What you are asked to do:
Write out again the entries from the first line to the line that includes "ZAWIAS HAFELE 110", keeping both of those lines.

The input:
+ + +

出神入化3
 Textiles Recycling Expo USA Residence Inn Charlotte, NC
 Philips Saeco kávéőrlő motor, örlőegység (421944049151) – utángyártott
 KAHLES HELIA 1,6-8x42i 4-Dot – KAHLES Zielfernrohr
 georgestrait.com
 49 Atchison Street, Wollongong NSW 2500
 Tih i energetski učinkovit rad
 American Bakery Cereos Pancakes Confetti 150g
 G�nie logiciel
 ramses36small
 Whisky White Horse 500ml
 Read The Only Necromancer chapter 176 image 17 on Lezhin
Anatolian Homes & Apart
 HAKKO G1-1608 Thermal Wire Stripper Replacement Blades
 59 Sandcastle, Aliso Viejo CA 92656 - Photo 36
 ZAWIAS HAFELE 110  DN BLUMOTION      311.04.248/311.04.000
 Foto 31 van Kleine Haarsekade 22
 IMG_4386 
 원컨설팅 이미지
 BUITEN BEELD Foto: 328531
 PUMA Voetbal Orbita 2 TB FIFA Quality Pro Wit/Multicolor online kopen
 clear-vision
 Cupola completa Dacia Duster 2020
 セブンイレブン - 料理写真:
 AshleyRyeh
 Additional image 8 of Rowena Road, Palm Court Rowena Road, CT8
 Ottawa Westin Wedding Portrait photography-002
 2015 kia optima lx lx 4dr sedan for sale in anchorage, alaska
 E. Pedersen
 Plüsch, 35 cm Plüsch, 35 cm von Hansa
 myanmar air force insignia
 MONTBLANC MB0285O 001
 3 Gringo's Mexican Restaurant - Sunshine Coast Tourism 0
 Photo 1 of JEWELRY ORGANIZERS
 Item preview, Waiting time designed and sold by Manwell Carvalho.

+ + +

Reply to the task:
出神入化3
 Textiles Recycling Expo USA Residence Inn Charlotte, NC
 Philips Saeco kávéőrlő motor, örlőegység (421944049151) – utángyártott
 KAHLES HELIA 1,6-8x42i 4-Dot – KAHLES Zielfernrohr
 georgestrait.com
 49 Atchison Street, Wollongong NSW 2500
 Tih i energetski učinkovit rad
 American Bakery Cereos Pancakes Confetti 150g
 G�nie logiciel
 ramses36small
 Whisky White Horse 500ml
 Read The Only Necromancer chapter 176 image 17 on Lezhin
Anatolian Homes & Apart
 HAKKO G1-1608 Thermal Wire Stripper Replacement Blades
 59 Sandcastle, Aliso Viejo CA 92656 - Photo 36
 ZAWIAS HAFELE 110  DN BLUMOTION      311.04.248/311.04.000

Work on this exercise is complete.